The second drawback, that to let the approach work for methods, especially those, which return type can't be auto& (e.g. void or int). To overcome it the access should be rewritten as:

class Connection {
    public:
        template<typename T, typename... Args> T access(Args...);
}

namespace my::library {
    void Connection::access<void, Shutdown>(Shutdown how) {
        return shutdown(how);
    }
}

class HttpRequest: public Request {
    public:
        virtual void process() override {
            conn->access<void, Shutdown>(Shutdown::both);
        }
};

Another problem arises: if there are two or more private methods with identical signatures (return and arguments types), the artificial tag should be introduced again, i.e.

class Connection {
    template<typename T, typename Tag, typename... Args> T access(Args...);
};

namespace to {
    struct skt{};
    struct shutdown{};
}

namespace my::library {
    int& Connection::access<int&, to::skt>() { return skt; }
    void Connection::access<void, to::shutdown, Shutdown>(Shutdown how) {
        shutdown(how);
    }
}

...
conn->access<void, to::shutdown>(Shutdown::both); // voila!

The variadic Args... template parameter dos not force to duplicate the original arguments; it can have even add unrelated types to "inject" new methods with additional logic into the Connection class. For example:

namespace to {
    struct fun{}
}

namespace my::library {
    void Connection::access<void, to::fun>() {
        Shutdown how = std::rand() > 1000 ? Shutdown::read ? Shutdown::write;
        shutdown(how);
    }
}

It is known, that methods might have optional noexcept specification in addition to const. So, for the sake of generality, all four access cases should be provided, i.e.:

class Connection {
public:
template<typename T, typename Tag, typename... Args> T access(Args...);
template<typename T, typename Tag, typename... Args> T access(Args...) const;
template<typename T, typename Tag, typename... Args> T access(Args...) noexcept;
template<typename T, typename Tag, typename... Args> T access(Args...) const noexcept;
};

Alas, it was not the last problem with the approach: there is a problem with inheritance, e.g.:

class Connection {
    template<typename T> auto& access();
private:
    int skt;
};

enum class SslState { /* whatever */};

class SslConnection:public Connection {
public:
    template<typename T> auto& access();
private:
    SslState state;
};

namespace to {
    struct skt{};
    struct state{};
}

namespace my::library {
    auto& Connection::access<to::skt>() { return skt; }
    auto& SslConnection::access<to::state>() { return state; }
}

However, as soon as try to access to parent property via child class, i.e.:

SslConnection* conn = ...;
auto& skt = conn->access<to::skt>(); // oops!

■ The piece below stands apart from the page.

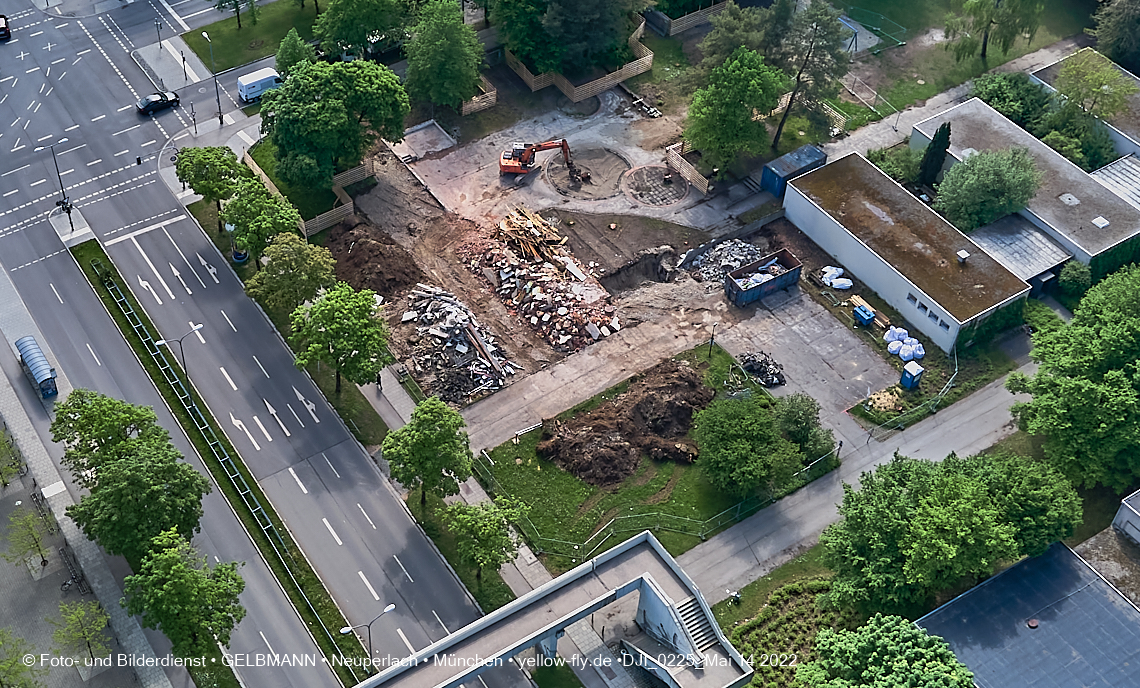 14.05.2022 - Luftbilder von der Baustelle Haus für Kinder in Neuperlach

It cannot resolve access to socket via SslConnection because there is no to::skt specialization for SslConnection; there is on in it's parent class, but in accordance with C++ rules a compiler does not see it. The solution is to cast to the base class:

SslConnection* conn = ...;
auto& skt = static_cast<Connection*>(conn)->access<to::skt>();

This becomes even more unhandy when an object is stored behind smart pointer.

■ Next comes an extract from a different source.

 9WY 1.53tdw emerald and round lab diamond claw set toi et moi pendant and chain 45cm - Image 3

Let's enumerate key points:

  • accessors multiplication due to const and noexcept variants

  • not so handy access for private methods (too verbose due to multiple template params), although "injection" of own accessor-methods seems an advantage

  • too clumpsy syntax to access private proreties in class hierarchy

Conclusion

The proposed solution is far from perfect. I found the following golden ratio for my projects on the implementation details access topic:

  • if the property is stable enough or it is the part of class interface, then public accessor should be written for it. It would be desirable for read only access, i.e. the accessor should be just a getter. For example, the address property in actor_base in rotor.

  • otherwise, if implementation details might be usable in descendants, make them private

  • provide generic templated accessor (template<typename T> auto& access()) but for properties only; no access to private methods, as I don't see possible use cases now. This point might be different for different projects.

The described approach is applied in to be released soon rotor v0.09.